Consolidating agents into larger answering groups is always more efficient than creating smaller agent queues in a silo environment. Similar to IVR design, the goal of routing and queue design is to get the customer’s interaction to the right skilled agent as quickly as possible, to positively impact the customer experience, and to improve contact center operational efficiency.

Companies often revisit interaction routing and queue design at the same time as IVR design. These two plans are the backbone of the contact center operation and have a significant impact on the customer experience and how efficiently the contact center operates.
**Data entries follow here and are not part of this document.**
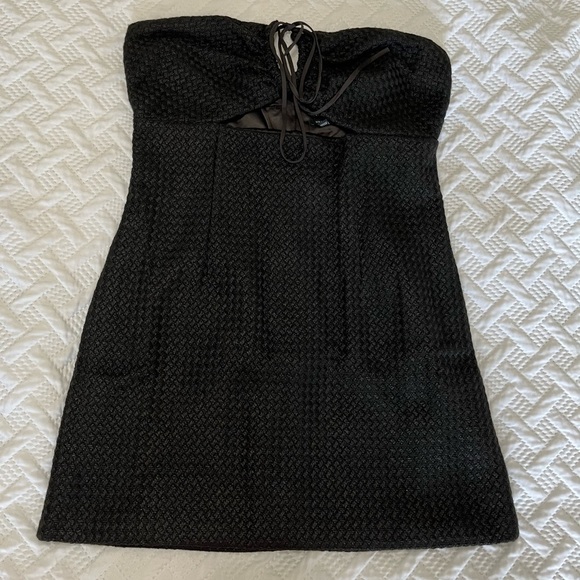 BARDOT Lexi Textured Cutout Halter Mini Dress - Picture 4 of 10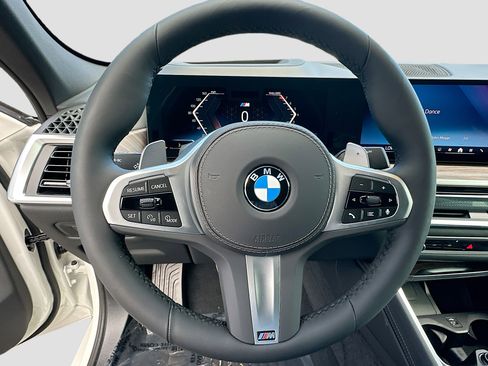 New 2026 BMW X6 xDrive40i image 8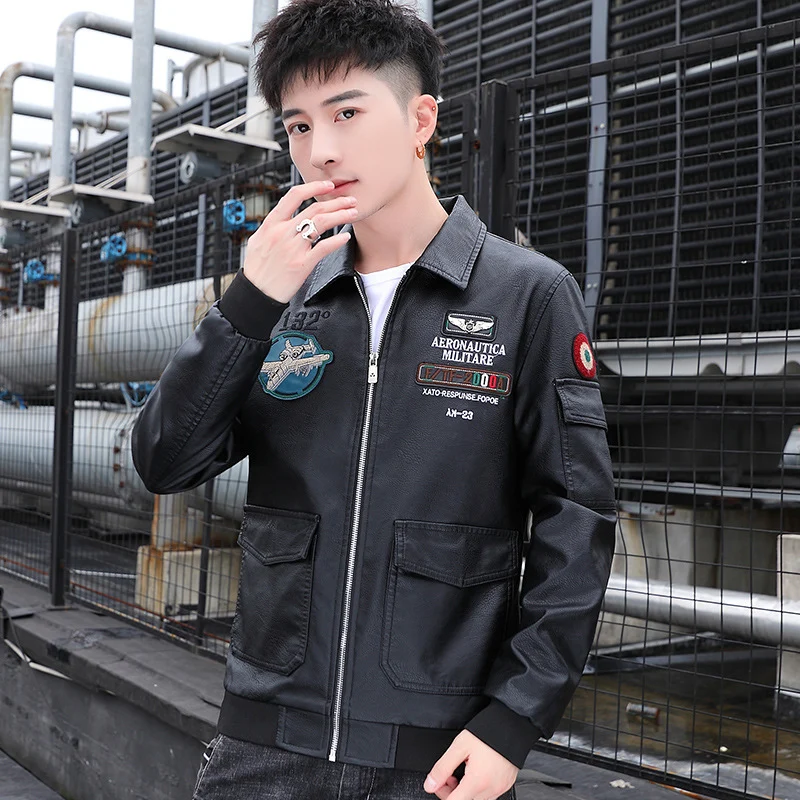 Herren Aviator‑Bomberjacke im Military‑Style mit großem Rückenpatch und Ärmeltasche Nord Taschen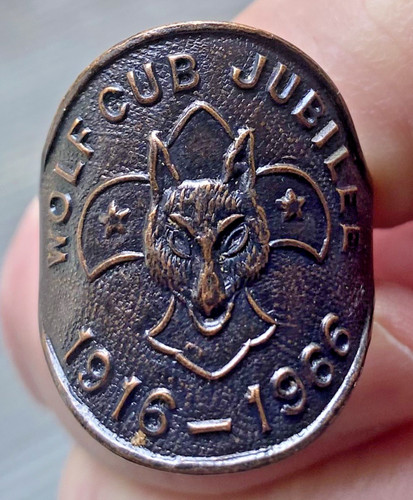Wolf cub jubilee 1916 - wolf,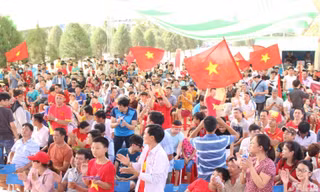 CĐV Đà Nẵng đội nắng cổ vũ Olympic Việt Nam
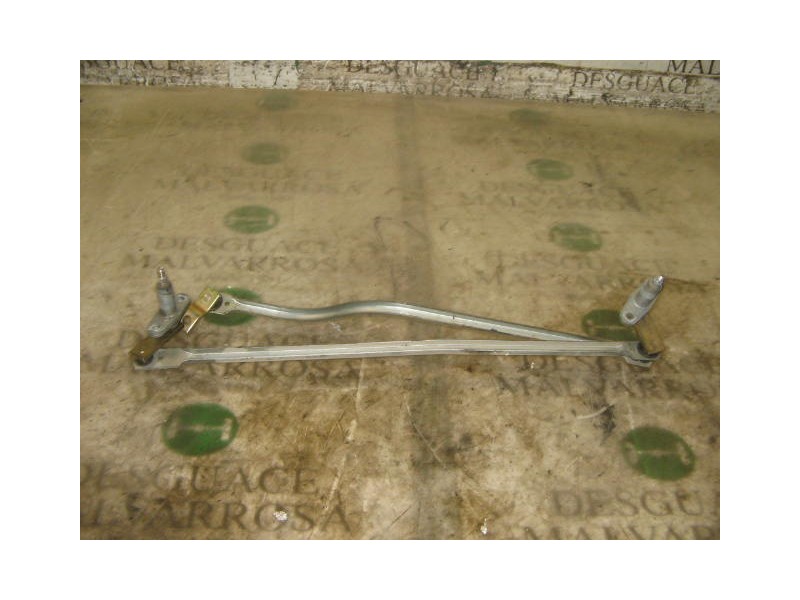 Recambio de articulacion limpia delantero para nissan trade 100 referencia OEM IAM   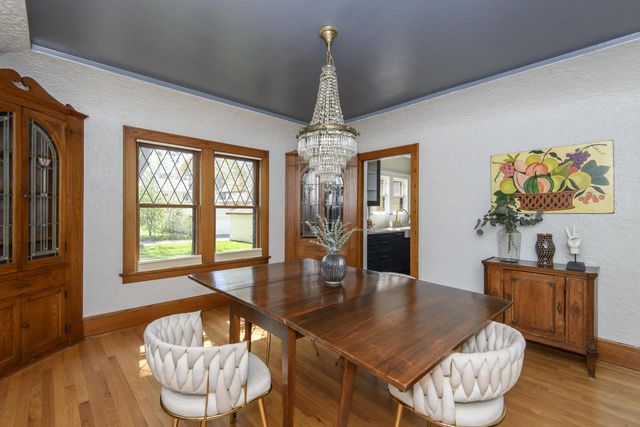 2844 N Hartung AVENUE, Milwaukee, WI 53210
Plan ahead and start the conversations early to ensure you can make the far-reaching changes necessary to improve. For example, if you consolidate agent queues, you may need to change the contact center organizational structure, training and hiring, and marketing materials. You don’t want to miss an opportunity to implement real improvements because you didn’t have enough time.

Questions

Discuss the following questions with your team:

  • Is interaction routing and queue design linked to the organization’s mission and strategy and to the Customer Experience Strategy (CES)? This connection is a key area of alignment and a great example of how your CES guides the contact center toward the right decisions.
  • Do you look for opportunities to cross-train agents on different products, services, and handling multiple contact channels (phone, email, chat) to use consolidation efficiencies to your advantage? Contact centers operate more efficiently with larger groups of pooled agents. The smaller the agent pool, the more difficult it is to meet your service level goals and productivity targets.
  • Are you analyzing routing and queue design effectiveness? The goal of the IVR and routing plan is to get every customer to the right resources with a minimum of effort. How do you access the data available to know if you are delivering this goal? Consider cross-functional input, including customer feedback (interviews, c-sat scores, quality monitoring), internal insight from groups like marketing, and usage reports. To improve effectively, you need to know what’s working and what isn’t.

    Routing an interaction to an unskilled agent will not support the service levels you’re trying to achieve. In fact, it could reduce them. Customers would rather wait for a skilled agent rather than connect to a friendly voice who would likely transfer them to another agent anyway.

  • How complex is your routing? If contact center routing is overly complex, it can be difficult to handle real-time management and easy to lose sight of the bigger picture. Resist the temptation to over-engineer your design.

Actions

Take the following actions before moving forward in the planning phase:

Preparation Assigned to Complete date
When you conduct IVR testing, analyze how the system routes calls and test the accuracy of your assumptions about your current routing and queue design. Do the same for any additional channels. Initiate emails, chats, or whatever other contacts you handle, and evaluate the experience. Did the contact get to the right resource? How easy was it to figure out how to initiate your inquiry?
Verify the accuracy of your current routing design documentation and update the design with current call handling treatment. Document your current customer types (individual, business), contact channels, and contact reasons. Confirm that you address every possible scenario (customer x contact channel x contact reason) in your routing plan.
Analyze your queue and skill matrix to identify opportunities to pool agents into larger queues through cross-training or consolidation of job responsibilities.
Identify and document current pain points, including gaps to be addressed in the new system’s design.